A language that I find intriguing for this use-case us UML. It’s Turing complete (for whatever that’s worth) and there are compilers for it, though not very good ones. I find UML interesting because it was and is used for planning and documentation. Think about it, use UML to plan and/or document your design. Code it up in C or Python or Pascal. Then you can re-use the UML to build a test-suite. Now, these two functions will likely still share errors, because both the UML and the C code share part of the creation process. At least you’ll be able to say that the code is what’s in the documentation.
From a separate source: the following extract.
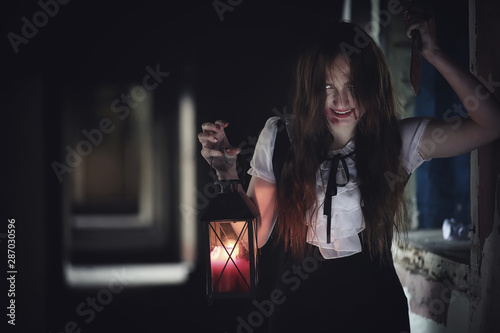 Girl from horror movie with knife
A potentially good use-case for two programming languages is when one of them is obtuse. If your code-base tends to be a bunch of illegible Perl and you can’t afford to migrate to a more sensible language. You could build test cases in that sensible language. In a similar vein, if a piece of code needs to be optimized for performance and it starts to look like arcane code from a grand-wizzard of yore. It might be nice to have a less-performant, more-legible piece of code to test against it. Is it really necessary that your test code run in \(O((n/3)^{0.9998}log(n/1.02321))\) instead of \(O(n log(n))\)? I didn’t think so.

A better approach than picking different languages and the same programmer might be to use the same language and different programmers. Instead of pair-programming, divorced-programming! Tell programmer #1 what to do and lock them a room. Then tell programmer #2 what to do and lock them in a different room, in a different building, on a different campus, in a different country, ideally without cellphones or internet (programmers don’t need StackOverflow). Only let programmer #1 and #2 out when the code is complete! Now you have two different versions of the same code. Throw a bunch of inputs at the two versions and compare to see if either has a bug in it.

We’ve elimnated the need for output in the input/output testing pair. That’s cool, but we can do better. Instead of writing our test inputs manually, we can manually write a test input generator function to automatically generate inputs. Sprinkle in some contrained-randomization (borrowed from SystemVerilog) and you have a powerful tool for thouroughly testing your code.

If you think this is a waste. It well might be. Two programmers to do one task instead of two. Consider though, that we already do pair programming where two programmers work on a single task. The hope is that as one becomes fatigued or blocked the other can step in. Two programmers sharing their energy, skill and experience with the purpose of creating better code. Pair programming is one way to deploy programmers, but you can also deploy them through divorced programming. In divorced programming the goal isn’t speed or communication but correct code for critical applications.

When you have a piece of code that is critical and absolutely has to be correct. Send two programmers off to create it twice. Build a test-input generator and then create all the corner case inputs you can think of. It’ll be the most tested and validated piece of code in your code-base.